RL algorithms are a nightmare to get working, below are some of my notes on how to get them to run effectively -
-
Use delta-based rewards instead of kernels. For example, if you are trying to get a manipulator to a certain point $\vec{x}$, $r(t) = -k (x_{t-1} - x_t)$. In my experience this works better than rewards of the form $r(\vec{x})=f(\vec{x})$. I suspect this is because the change in the relative magnitude of the reward for making progress towards the goal vs not making progress towards the goal over a single timestep is much bigger.
- Also when designing stuff from scratch, look for what successful papers have used as reward functions, as they will likely have experimented a lot to find the right reward function and you don’t want to repeat this work. For robot manipulation & locomotion, many of the Robotic Systems Lab papers have good references for this which are proven to transfer to the real world [1, p15] [2].
-
Episode length - depending on how you calculate advantage, do updates, and how your environment resets, having too long of an episode length can slow down training. Alternatively, if the episode length is too short your agent may not be able to complete the task.
-
Control frequency - if set too high, each completion of your task in the simulator will take many timesteps and it will take longer to train.
-
The RL algorithm that will work best for you will depend on what kind of simulator you use. On-policy algorithms such as PPO work better when it is cheap to get environment samples (fast simulator). Off-policy algorithms such as SAC work better when your simulator is very slow.

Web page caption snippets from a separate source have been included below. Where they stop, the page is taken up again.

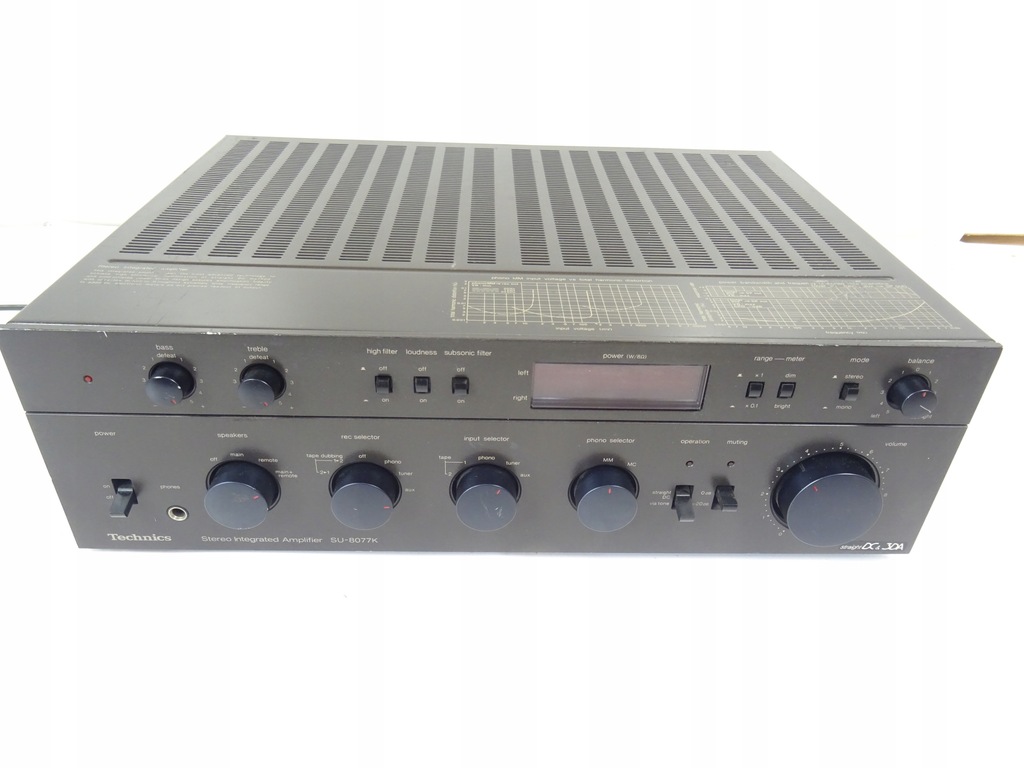 Wzmacniacz Technics SU-8077K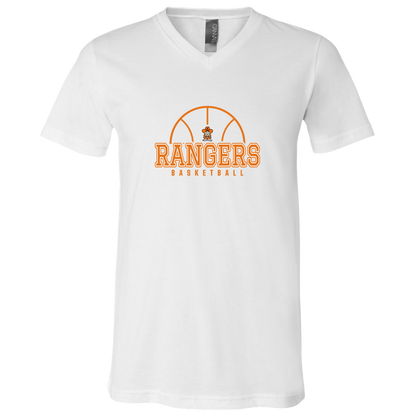 manton-elementary-ball-dome-bella-canvas-unisex-jersey-ss-v-neck-t-shirt — White — Front — source sha256 cabbe8e2d63531eeba7ed932d4870d90586e0de357cf68547b0ded007eac4bf6 — Color position 1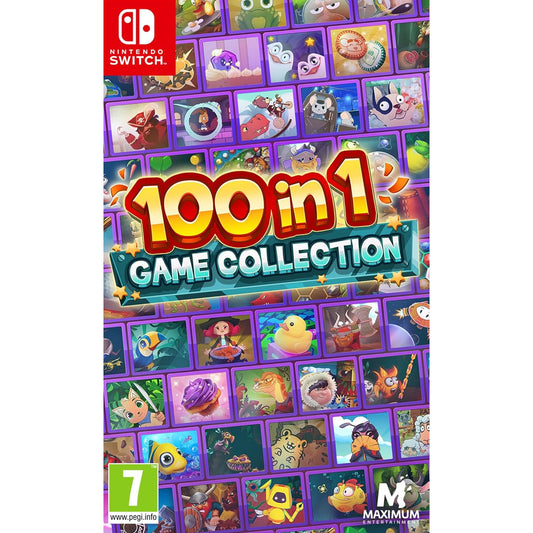 100 in 1 Game Collection (Nintendo Switch) - GameShop Asia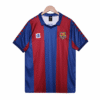 1980 82 Season Barcelona  jersey 80/82 Home Football Retro Jerseys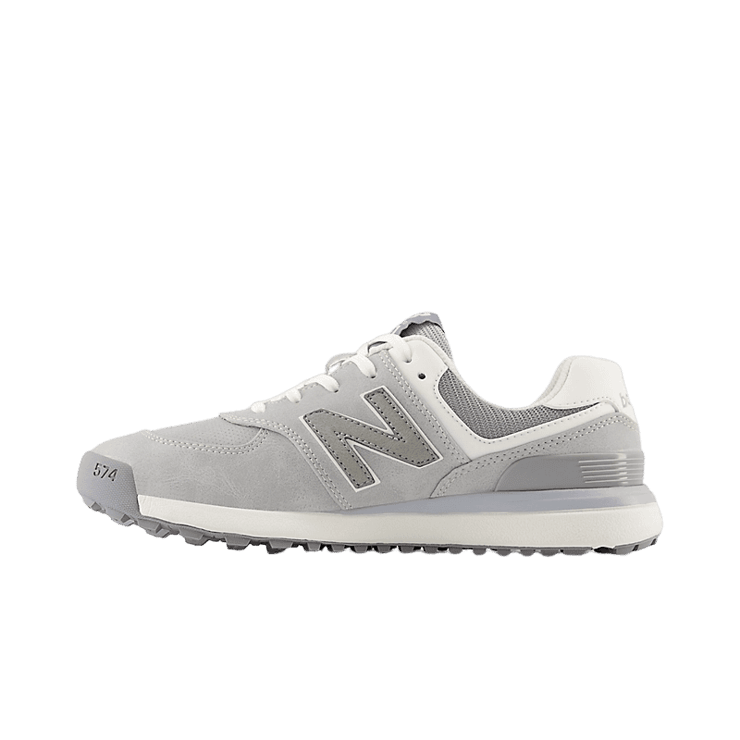 New Balance Women's 574 Greens v2 Grey (W) Angle 0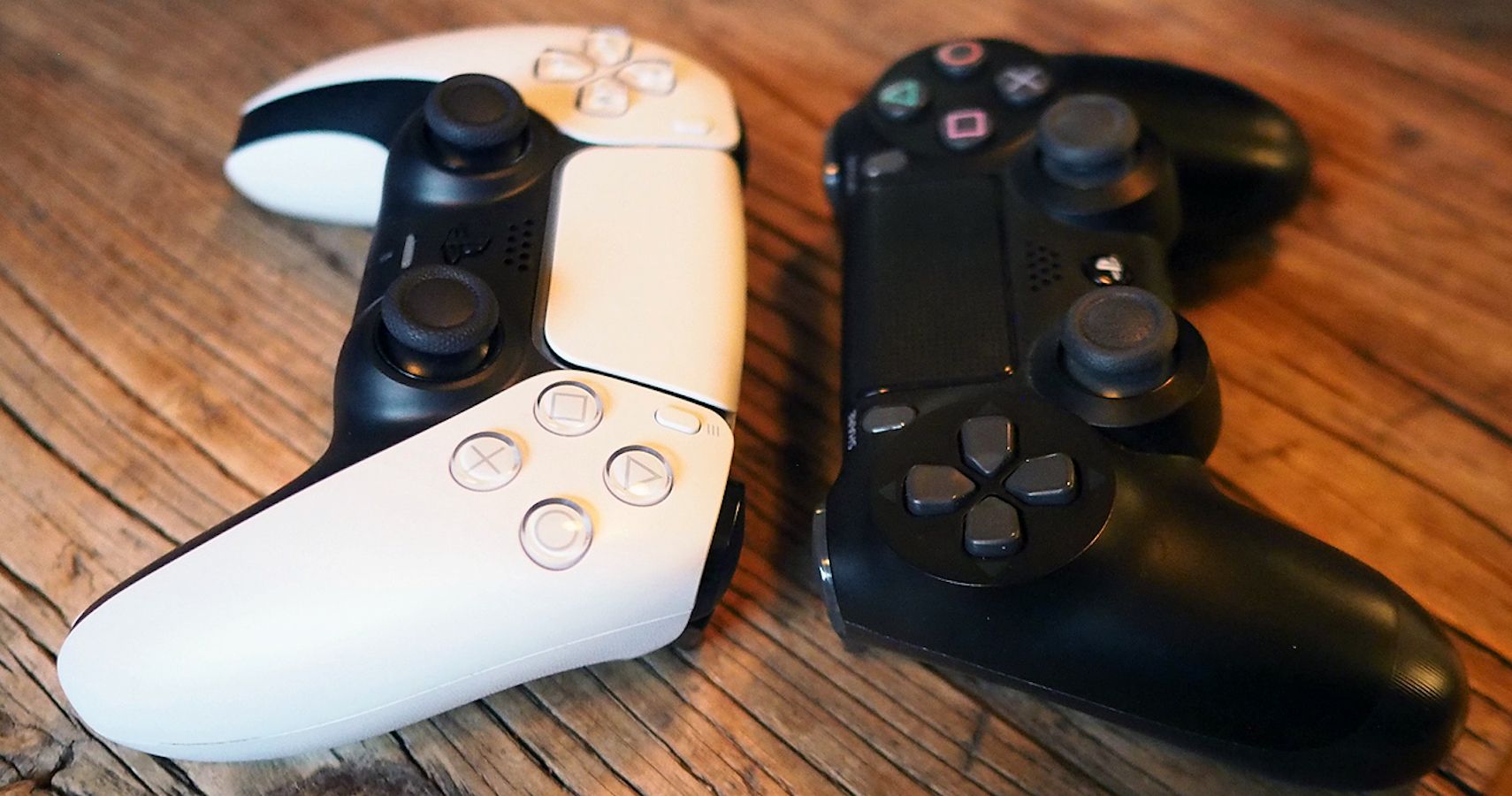 PS5 vs PS4 Controller Differences: How DualSense Improves DualShock 4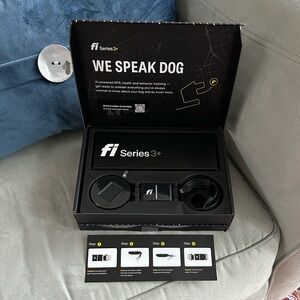 BRAND NEW Fi Series 3+ GPS Dog Collar w/AI health monitoring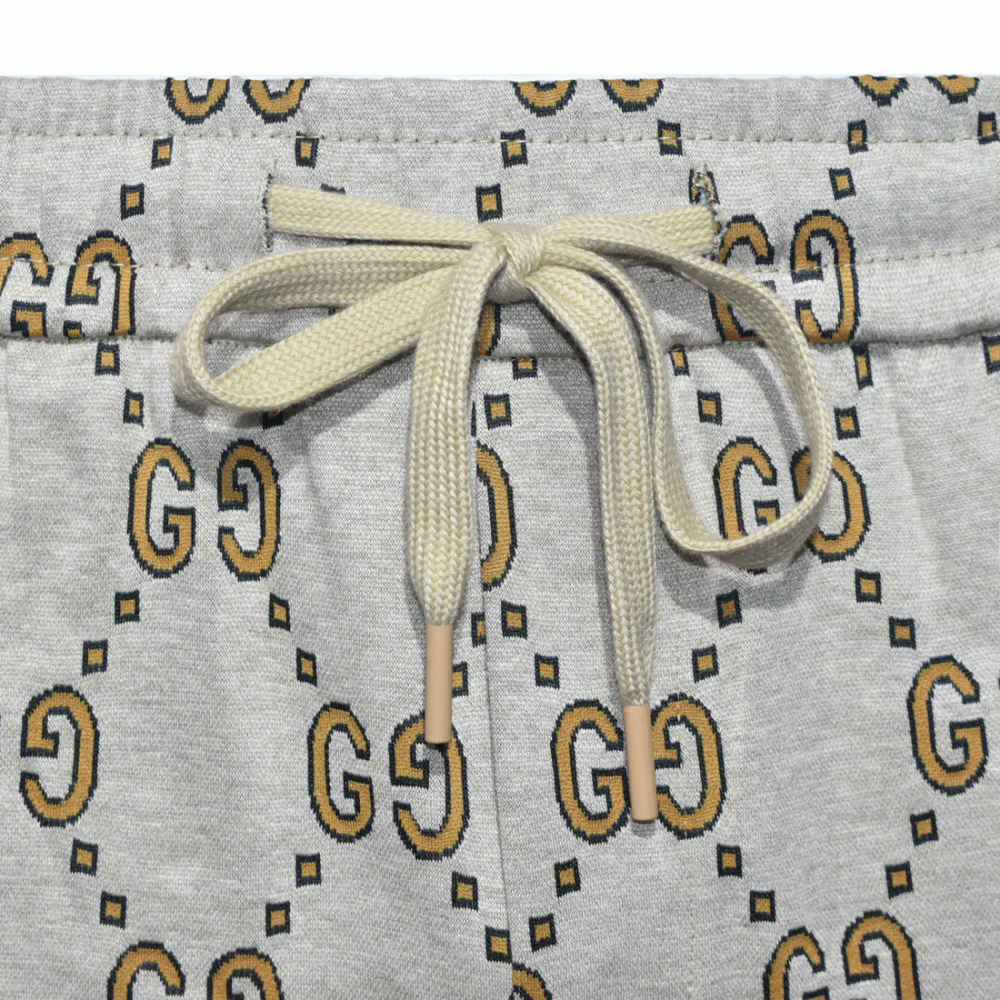 Gucci Cream Premium Beige Canvas Tracksuit-10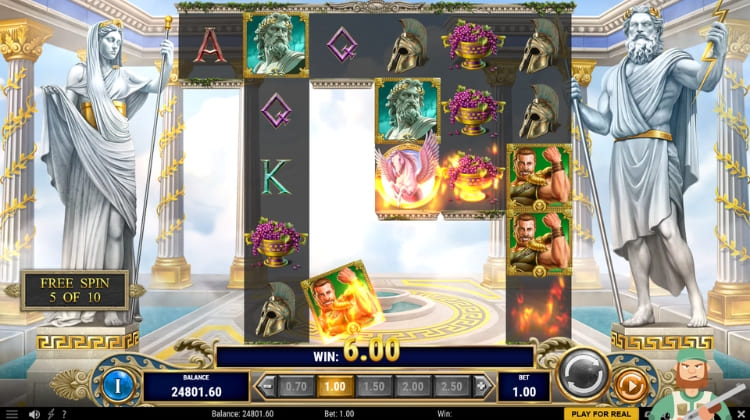 13th Trial Hercules Abyssways Free Spins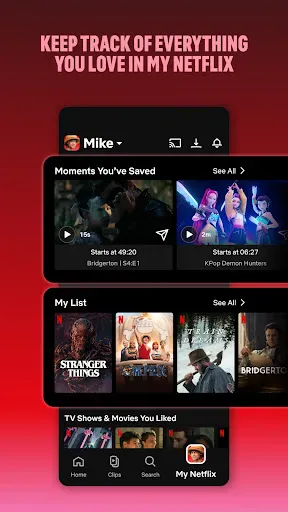 Netflix screenshot
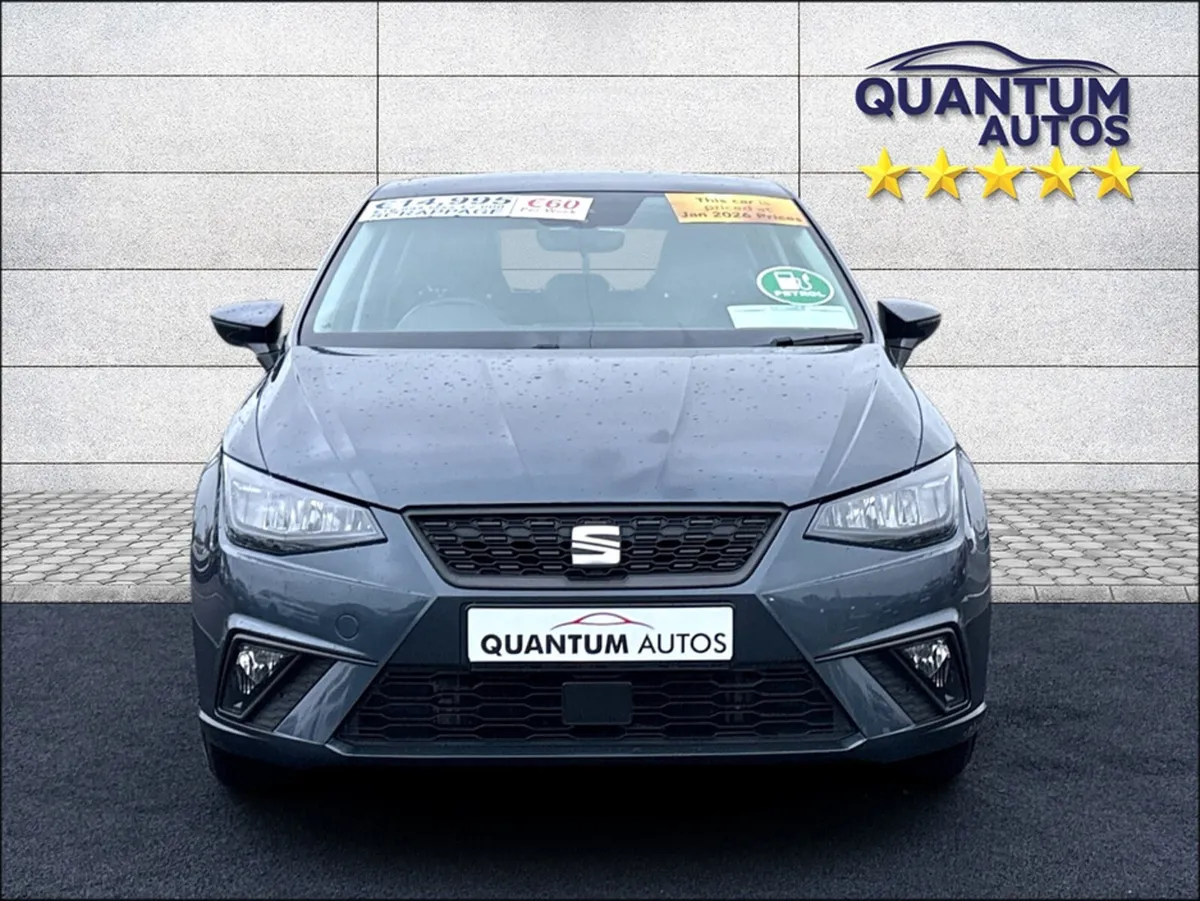 SEAT Ibiza 2022 SE TECH 1.0 TSI MANUAL €73PW WITH - Image 3
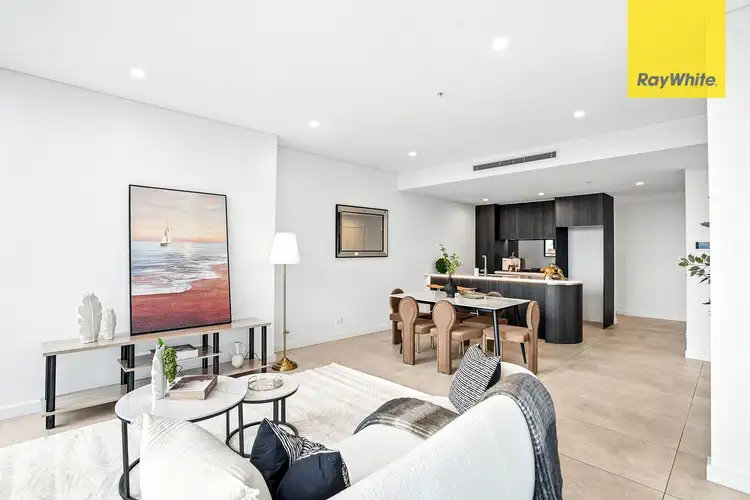 Fourth view of Homely apartment listing, 2707/20 Parkes Street, Harris Park NSW 2150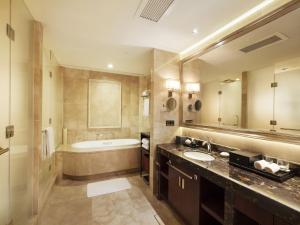 Vannituba majutusasutuses C&D Hotel Quanzhou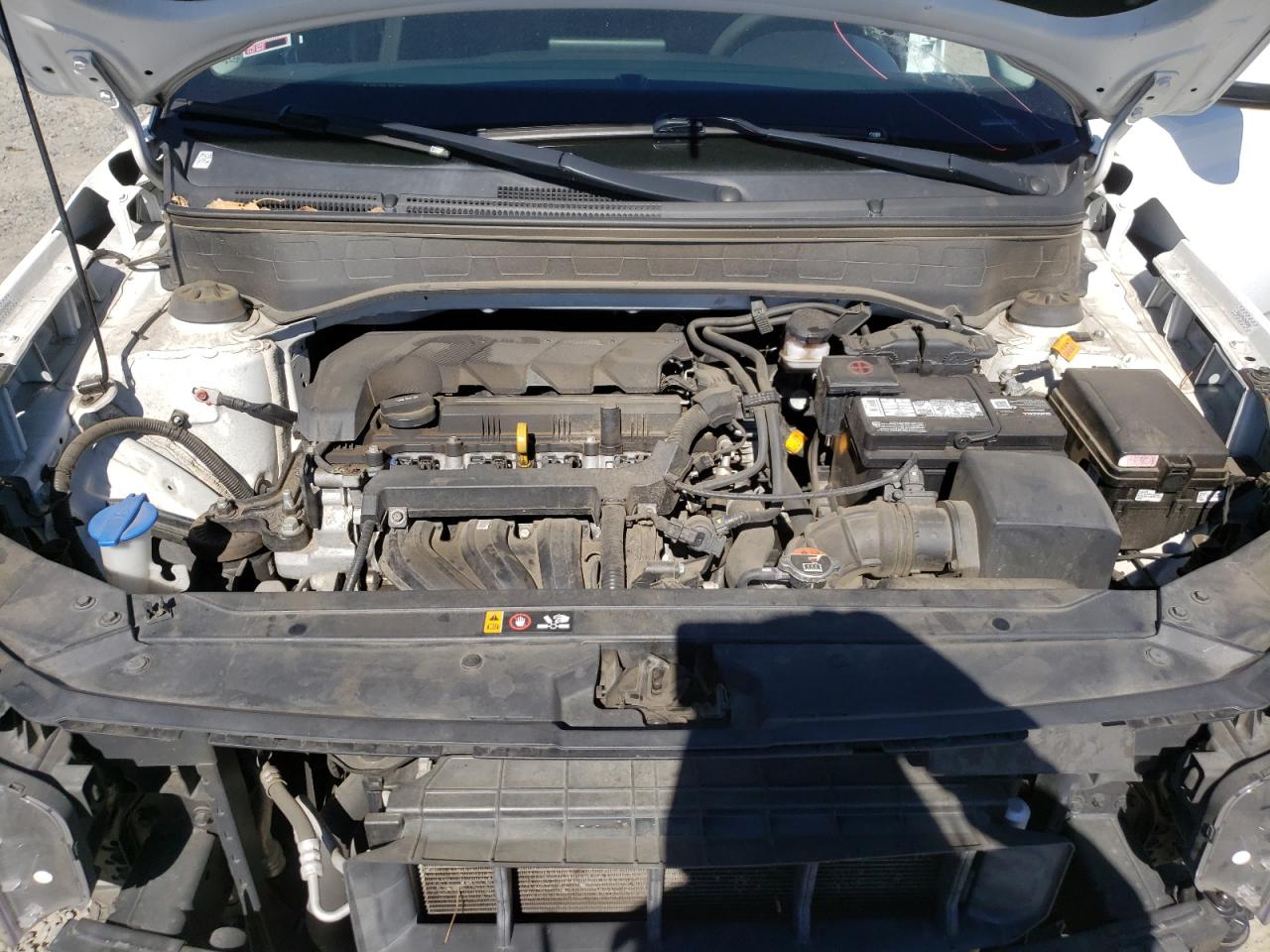 2021 Hyundai Venue Se VIN: KMHRB8A39MU073709 Lot: 82390575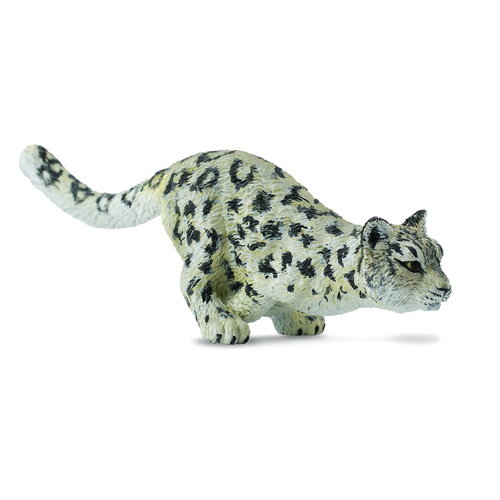 CollectA Wild Life - Snow Leopard Cub - Running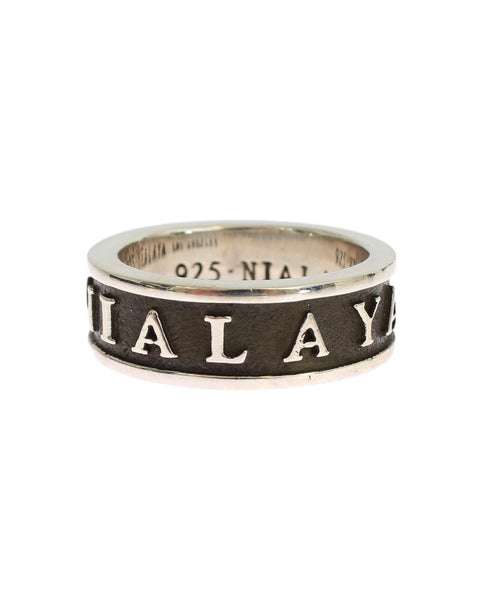 925 Sterling Silver Logo Ring 63 EU Men Tristar Online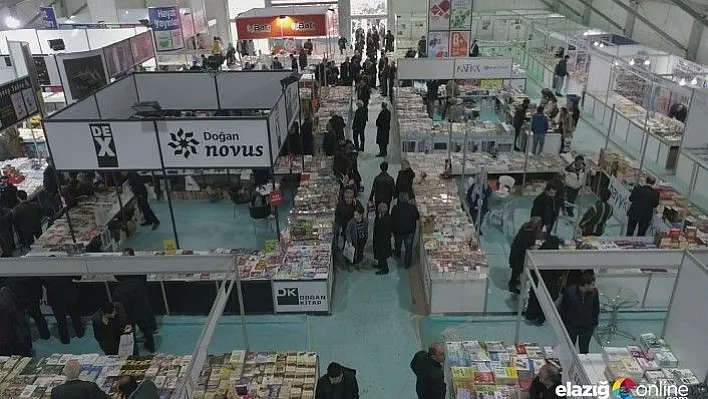 Elazığ'da &quot2. Kitap Fuarı" açıldı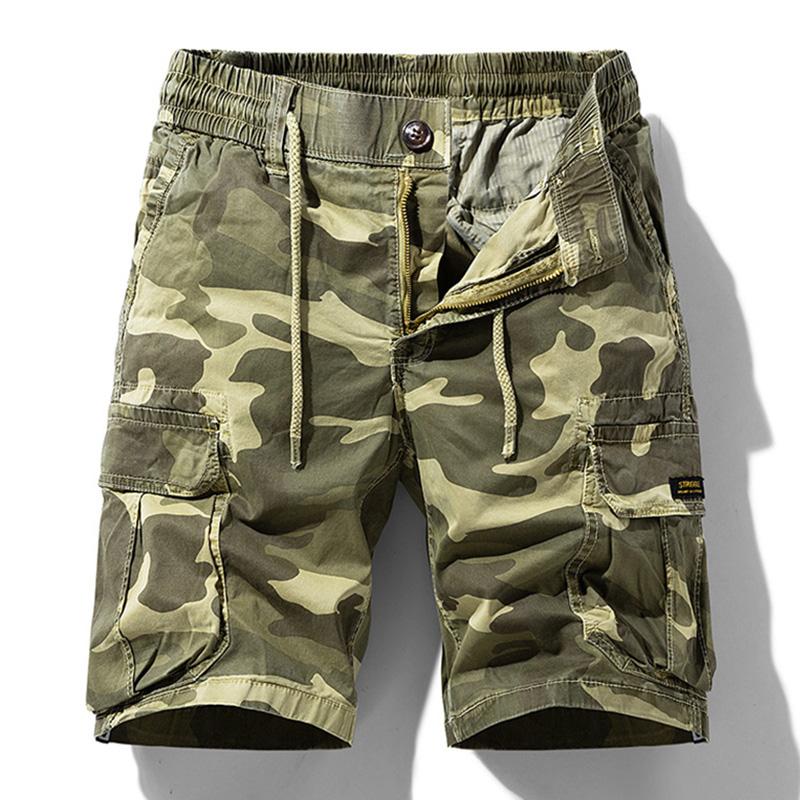 

Men Shorts Fashion Plaid Beach Shorts Mens Casual Shorts Short Pants Male Bermuda Cargo Overalls 40
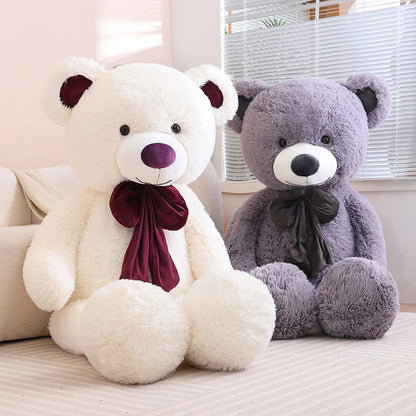 Giant Size American Teddy Bear Plush Toy Big Stuffed Animals Dolls Birthday Valentines Day Gift Soft Pillow for Grilfriend Girl My Store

- Don’t try to implement one of these from scratch yourself (unless you are doing it for educational purposes). (Hopefully) tested code in quasi-official repositories will almost certainly work better than whatever you can hack together. Denis Yarats' SAC algorithm is a well-documented extensible implementation. It’s also fairly easy to hook this up to Stable Baselines' SubprocVecEnv to parallelise your environment. RLLib has a wide variety of algorithms implemented, which come in with built-in support for large-scale parallelisation (though they are somewhat annoying to modify).
-
Action spaces can have a big impact on the ability to learn tasks, and this impact will vary by the nature of the task.
-
If you are having trouble training an environment, especially with multiple shaped rewards, try stripping back to the minimal possible objective and seeing if it trains on that one, and add additional objectives progressively.
-
Completion termination & bonus - if you want to improve the throughput of episodes as your RL algorithm gets better at achieving a goal, try terminating the episode when the agent gets close to the goal. But be careful to give it a bonus reward for doing this, especially if the value of your reward is positive. If you don’t the optimal strategy to maximise the discounted sum of future rewards will be to *not* achieve the goal, since terminating the episode by reaching the goal obviously means that the future value will be limited to the reward at the terminating timestep.
-
Use fast simulators like IsaacGym or RaiSim. This will both allow you to train on more complex tasks and improve the speed of your tweak env/algo -> train -> tweak env/algo loop.
-
If you expect your algorithm to depend on velocity information or other such things which may not be available with the state in a single timestep, make sure it has a way to infer this. It’s possible to do this by stacking observations (concatenate the raw observations from the last 3 timesteps), by directly passing velocity information, or by using a recurrent policy.
Real Robots / Sim2Real
I only have limited experience with transferring RL algorithms to real robots, however I have worked with Other Algorithms™ (yes, I know, they do exist) a fair bit on real robots, so some of these tips will generalise:
- First ensure you have the basics working - are the scaling on algorithm outputs correct, is your action space right, is the control frequency you are running your algorithm matching the simulator etc.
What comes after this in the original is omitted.